終活相談に多いお墓の悩み。親子での話し合いを大切にしよう!

最終更新日時 2021/07/26
#親の介護 #看取り・終活
皆さんこんにちは。終活カウンセラー協会認定講師でジャーナリストの小川朗です。終活相談で最も多いのがお墓の問題です。高齢者だけでなく現役世代にも、お墓の問題でお悩みの方は少なくありません。近年は「生前墓」や「改葬」を希望される方も増えていますが、子世代とのトラブルに発展するケースも見受けられます。今回は、そんなお墓の悩みについて解説いたします。

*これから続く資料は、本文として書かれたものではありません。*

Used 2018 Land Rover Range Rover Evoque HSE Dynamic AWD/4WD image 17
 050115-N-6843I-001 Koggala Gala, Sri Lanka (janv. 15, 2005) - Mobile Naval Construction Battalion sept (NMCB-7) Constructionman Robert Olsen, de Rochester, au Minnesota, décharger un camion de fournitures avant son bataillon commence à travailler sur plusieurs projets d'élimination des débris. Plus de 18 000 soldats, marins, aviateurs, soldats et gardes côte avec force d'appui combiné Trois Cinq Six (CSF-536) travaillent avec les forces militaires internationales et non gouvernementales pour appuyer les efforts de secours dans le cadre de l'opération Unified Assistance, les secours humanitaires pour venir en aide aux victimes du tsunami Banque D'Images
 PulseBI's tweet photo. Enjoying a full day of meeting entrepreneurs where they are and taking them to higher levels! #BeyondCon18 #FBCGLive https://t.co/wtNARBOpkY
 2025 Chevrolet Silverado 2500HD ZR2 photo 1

皆さんこんにちは。終活カウンセラー協会認定講師でジャーナリストの小川朗です。

本日は終活カウンセラー協会の「終活相談」に最も多く質問が舞い込んでいる「お墓」の問題について掘り下げていきたいと思います。

都市部への一極集中で管理が難しくなった地元のお墓

高齢者だけでなく現役世代にも、お墓の問題でお悩みの方は少なくありません。それは都市部への一極集中の動きの中で、先祖代々のお墓を故郷に残してきた方が多いからでしょう。私も18歳のときに大学に進学するため上京してから、43年間首都圏に住んでいます。先祖のお墓は山梨県の甲府市にありますが、帰郷するのは盆とお彼岸程度です。

都市部にお住まいで、実家近くにあるお墓を維持するために大変なご苦労をされているケースは珍しくもありません。遠方の地方都市の共同墓地にあるお墓はすぐに雑草が生えてくるため、周囲のお墓の持ち主から苦情を受けることもあると聞きます。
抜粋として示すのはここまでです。